We employ scoring functions, used in statistics for eliciting risk functionals, as cost functions in the Monge-Kantorovich (MK) optimal transport problem. This gives raise to a rich variety of novel asymmetric MK divergences, which subsume the family of Bregman-Wasserstein divergences. We show that for distributions on the real line, the comonotonic coupling is optimal for the majority the new divergences. Specifically, we derive the optimal coupling of the MK divergences induced by functionals including the mean, generalised quantiles, expectiles, and shortfall measures. Furthermore, we show that while any elicitable law-invariant convex risk measure gives raise to infinitely many MK divergences, the comonotonic coupling is simultaneously optimal. The novel MK divergences, which can be efficiently calculated, open an array of applications in robust stochastic optimisation. We derive sharp bounds on distortion risk measures under a Bregman-Wasserstein divergence constraint, and solve for cost-efficient portfolio strategies under benchmark constraints.
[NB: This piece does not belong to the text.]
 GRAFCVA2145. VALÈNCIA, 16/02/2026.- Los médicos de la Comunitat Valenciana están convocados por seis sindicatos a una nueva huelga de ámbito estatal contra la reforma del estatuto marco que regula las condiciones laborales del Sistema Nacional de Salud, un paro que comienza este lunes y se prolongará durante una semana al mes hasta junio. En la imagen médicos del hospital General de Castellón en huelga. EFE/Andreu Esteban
翻译：我们采用统计中用于诱导风险泛函的评分函数，作为Monge-Kantorovich（MK）最优传输问题中的代价函数。这产生了一类丰富的新型非对称MK散度，其包含了Bregman-Wasserstein散度族。我们证明：对于实直线上的分布，共单调耦合对大多数新散度而言是最优的。具体而言，我们推导了由均值、广义分位数、期望分位数及短缺测度等泛函诱导的MK散度的最优耦合。此外，我们证明：虽然任何可诱导的律不变凸风险测度都能产生无穷多个MK散度，但共单调耦合同时是最优的。这些可高效计算的新型MK散度为鲁棒随机优化开辟了广泛的应用前景。我们推导了Bregman-Wasserstein散度约束下扭曲风险测度的严格上界，并求解了基准约束下的成本最优投资组合策略。